Radio Waves

Radio Waves

November Yankee Echo India

The assignment: Depart Leith, Scotland, proceed east through the Firth of Forth to the North Sea, thence north past the Shetlands, the Orkneys, even well past the Faeroes, send one final radio message announcing that we were diving, submerge, penetrate the shield of destroyers, airplanes, and helicopters, and simulate sinking the aircraft carrier, HMS Ark Royal.

Simple. We had done it dozens of times. Everything eventually went just as planned, except . . .

In 1970, when this was taking place, we still had no satellite communication capability. We used old-fashioned, quirky HF (high frequency) ship-shore radio circuits. HF radio is quite vulnerable to weather conditions. This day we had the worst problem that I ever saw with HF radio propagation.

Our first choice was to send the message to the U.S. Naval Communications Station (NavCommSta) in Northern Ireland. That was a distance of only 200 miles or so. We never managed to communicate any form of information to or from Ireland.
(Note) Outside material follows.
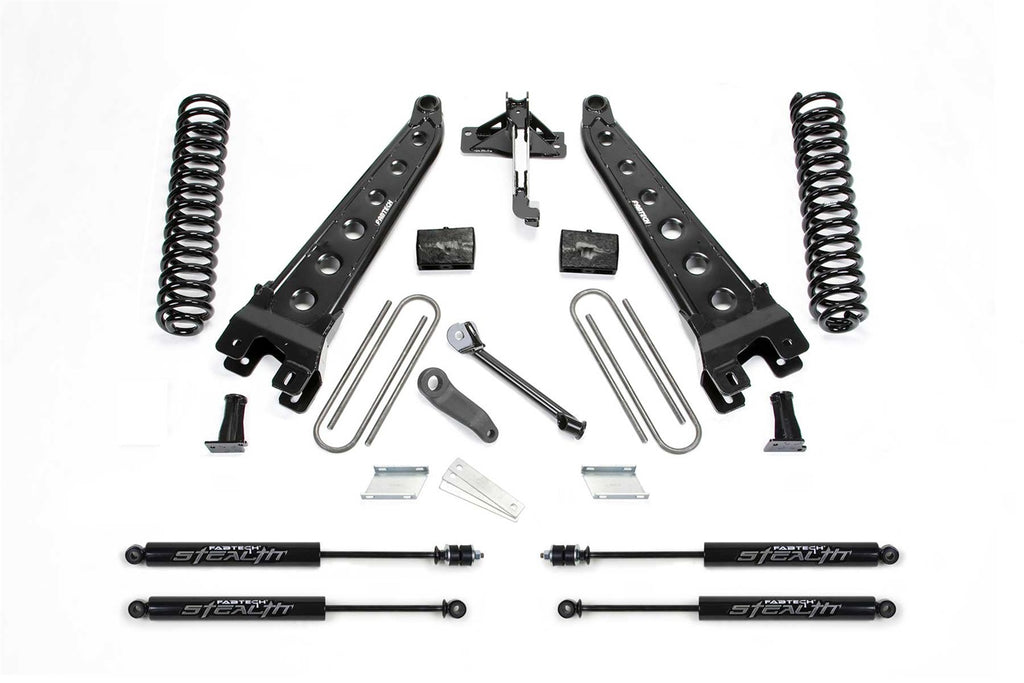 Fabtech K2215M Radius Arm Lift System for Select Ford F-250 Super Duty, Ford F-350 Super Duty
We then tried other NavCommStas, progressively farther away. We could at least get a call sign through, but nothing else. We were getting through to Washington, DC and Balboa, in the Panama Canal Zone, better than we were communicating with Londonderry, but neither of them could read us clearly enough to give us a receipt for our message. We tried others, with no luck. We almost got it through to NavCommSta, Morocco, but at the last minute they declined to accept the message with so many garbles in it.

Of course we checked out our equipment. The radio receivers and transmitters were performing exactly to specification. The antenna connections were dry and tight, as good as any we had ever seen. The problem was not with our boat. Atmospheric conditions were preventing any HF communication with our neighbors.

We tried to send the message to some of the ships in the exercise, but they could not hear us on HF. They did send an airplane over to yell at us on the UHF radio, telling us to send the HF message, already. UHF equipment used voice, and HF equipment used teletypes, so our strained reply did not count as sending a diving message.

Finally, in desperation, one of the junior radiomen tried something. He had just transferred to our boat from NavCommSta, Adak, Alaska, and he remembered some radio frequencies for the Pacific Ocean. These radio frequencies were not listed in our Atlantic Fleet publications. This young, new radioman tried all the circuits to Adak with no luck. Then, astonishingly, he got through to NavCommSta, Guam, loud, clear, and error-free.

The problem was, while we could talk to Guam, we couldn't, as it were, tell them anything. (Exact details classified.) But we knew that this was our only chance, so we pulled out some stuff from way in the back of the safe, stuff that we had been given for exactly this type of desperate situation. We spent some time around the wardroom table with paper and pencil, and we came up with something that it was legal to tell Guam.

Then we submerged, motored right through a huge protective screen put up by combined forces of six NATO countries, and took a photograph of the Ark Royal through our periscope, from a few yards off her starboard beam.